We’ve achieved a lot in the last couple of years. We’ve been engaging with the Canada-Ireland Interparliamentary Group, bringing historians to talk to them and build up their expertise about Ireland and the Northern Ireland peace process. We have a lot of great Irish Chambers of Commerce here who’ve been revived by the new Irish that have come in and the Ireland Canada Business Association. We really want to strengthen the connections and business opportunities and increase co-operation at the research and innovation level. The big thing this year is to get people travelling back and forth. We’re also working closely with the Canada Ireland Foundation, who are building a centre for culture, performance and heritage in Toronto in The Corleck Building. The highlight last summer was opening the consulate in Toronto. We opened the consulate in Vancouver five years ago. We’re getting stronger and that’s only going to help in terms of building the relationship between Ireland and Canada.
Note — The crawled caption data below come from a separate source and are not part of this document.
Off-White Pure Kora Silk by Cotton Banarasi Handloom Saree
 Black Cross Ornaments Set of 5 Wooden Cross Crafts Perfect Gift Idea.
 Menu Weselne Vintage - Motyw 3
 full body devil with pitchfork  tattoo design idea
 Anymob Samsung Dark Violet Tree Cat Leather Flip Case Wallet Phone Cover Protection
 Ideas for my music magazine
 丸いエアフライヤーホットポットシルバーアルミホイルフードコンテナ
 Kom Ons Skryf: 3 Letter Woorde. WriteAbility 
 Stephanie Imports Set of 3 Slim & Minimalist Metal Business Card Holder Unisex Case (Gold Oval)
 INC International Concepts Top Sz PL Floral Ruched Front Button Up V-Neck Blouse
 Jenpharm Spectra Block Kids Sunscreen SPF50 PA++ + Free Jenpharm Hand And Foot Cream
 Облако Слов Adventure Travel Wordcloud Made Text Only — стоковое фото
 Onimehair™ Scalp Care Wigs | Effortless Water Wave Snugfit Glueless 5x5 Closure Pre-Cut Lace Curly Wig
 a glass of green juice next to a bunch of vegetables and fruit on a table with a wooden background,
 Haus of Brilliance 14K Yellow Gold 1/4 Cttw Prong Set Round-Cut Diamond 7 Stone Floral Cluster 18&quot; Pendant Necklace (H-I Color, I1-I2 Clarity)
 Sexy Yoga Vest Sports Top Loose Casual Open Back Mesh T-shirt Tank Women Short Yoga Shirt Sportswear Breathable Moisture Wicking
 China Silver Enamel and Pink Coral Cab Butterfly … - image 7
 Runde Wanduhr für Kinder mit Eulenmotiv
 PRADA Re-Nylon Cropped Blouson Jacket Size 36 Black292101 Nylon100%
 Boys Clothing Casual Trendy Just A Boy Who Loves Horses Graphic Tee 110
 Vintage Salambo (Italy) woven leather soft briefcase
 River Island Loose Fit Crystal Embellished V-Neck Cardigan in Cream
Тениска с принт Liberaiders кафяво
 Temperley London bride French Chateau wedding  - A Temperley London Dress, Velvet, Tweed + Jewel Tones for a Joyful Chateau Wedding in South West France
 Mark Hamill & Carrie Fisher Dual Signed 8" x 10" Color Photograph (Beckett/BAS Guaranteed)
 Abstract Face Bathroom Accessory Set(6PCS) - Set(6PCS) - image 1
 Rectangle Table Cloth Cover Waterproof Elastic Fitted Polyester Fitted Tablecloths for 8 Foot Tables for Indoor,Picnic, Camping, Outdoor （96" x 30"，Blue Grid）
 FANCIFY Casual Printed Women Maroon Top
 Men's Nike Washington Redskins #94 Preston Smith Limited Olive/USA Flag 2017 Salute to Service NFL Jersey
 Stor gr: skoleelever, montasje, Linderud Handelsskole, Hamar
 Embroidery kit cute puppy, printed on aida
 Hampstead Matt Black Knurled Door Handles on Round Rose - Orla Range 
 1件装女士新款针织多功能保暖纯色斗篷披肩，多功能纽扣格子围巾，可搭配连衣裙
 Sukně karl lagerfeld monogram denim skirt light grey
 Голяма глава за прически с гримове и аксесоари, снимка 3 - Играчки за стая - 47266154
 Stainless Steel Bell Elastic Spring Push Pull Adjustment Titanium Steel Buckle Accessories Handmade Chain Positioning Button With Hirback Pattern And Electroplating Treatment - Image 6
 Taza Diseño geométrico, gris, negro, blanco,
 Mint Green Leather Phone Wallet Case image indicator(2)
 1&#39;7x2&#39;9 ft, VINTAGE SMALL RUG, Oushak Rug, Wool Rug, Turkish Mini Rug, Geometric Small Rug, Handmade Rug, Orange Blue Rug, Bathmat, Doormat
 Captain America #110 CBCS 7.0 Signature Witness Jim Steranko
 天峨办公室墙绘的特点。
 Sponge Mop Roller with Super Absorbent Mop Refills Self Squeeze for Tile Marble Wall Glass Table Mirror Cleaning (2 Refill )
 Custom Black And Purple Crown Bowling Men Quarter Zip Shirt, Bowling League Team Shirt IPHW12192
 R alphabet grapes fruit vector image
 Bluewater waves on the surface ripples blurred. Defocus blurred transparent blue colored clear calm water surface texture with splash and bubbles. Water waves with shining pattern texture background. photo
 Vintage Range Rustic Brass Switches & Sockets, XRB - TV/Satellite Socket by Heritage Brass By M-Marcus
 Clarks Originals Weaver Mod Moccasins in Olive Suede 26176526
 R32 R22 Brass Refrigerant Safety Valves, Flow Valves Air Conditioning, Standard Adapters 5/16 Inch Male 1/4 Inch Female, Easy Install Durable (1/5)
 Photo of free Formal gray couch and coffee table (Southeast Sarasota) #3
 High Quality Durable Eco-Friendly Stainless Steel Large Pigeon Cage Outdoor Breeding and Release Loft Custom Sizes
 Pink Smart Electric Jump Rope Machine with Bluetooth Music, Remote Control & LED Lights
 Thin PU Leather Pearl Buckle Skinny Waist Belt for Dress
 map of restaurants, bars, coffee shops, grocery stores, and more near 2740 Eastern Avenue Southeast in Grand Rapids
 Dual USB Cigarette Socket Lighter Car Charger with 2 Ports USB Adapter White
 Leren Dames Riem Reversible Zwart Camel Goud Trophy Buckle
I was involved for 20 years in the Northern Ireland peace process, and if there’s one lesson from that it’s that history has a very long path. It shapes issues, it shapes our attitudes, and it explains things. Coming to any country, whether Korea, Israel or Canada, it’s about discovering how these countries evolved into what they are – you can’t understand a country without looking at the history. Imagine going to Ireland and trying to understand it without ever reading the history – it wouldn’t work. You couldn’t understand our attitudes to land, emigration, politics without knowing some of the context. I joke that I think sometimes Canadians think Canada was invented by Pierre Trudeau, that nothing ever happened before, like it just popped out with the flag and devotion to international law and human rights, but in fact, Canadian history is long and fascinating.
There are huge opportunities here in Canada. Irish people who come here do really well. They have an amazing work ethic, they’re flexible, committed, creative and productive. I would advise anyone to come prepared, particularly financially. It can take longer than you think to get established. Province by province, the administrations are different – healthcare, for example, is administered on a provincial basis. Get in touch with ICAN, the Irish Canadian Immigration Centre in Toronto who operate across Canada, to get advice. Don’t get isolated, reach out and engage with Irish organisations. Don’t underestimate the challenges. Once you’ve got those firmly in perspective and have contacts and the wherewithal, it’ll be great. Do your research and engage with people who’ve been here – you’ll find a network willing to help you.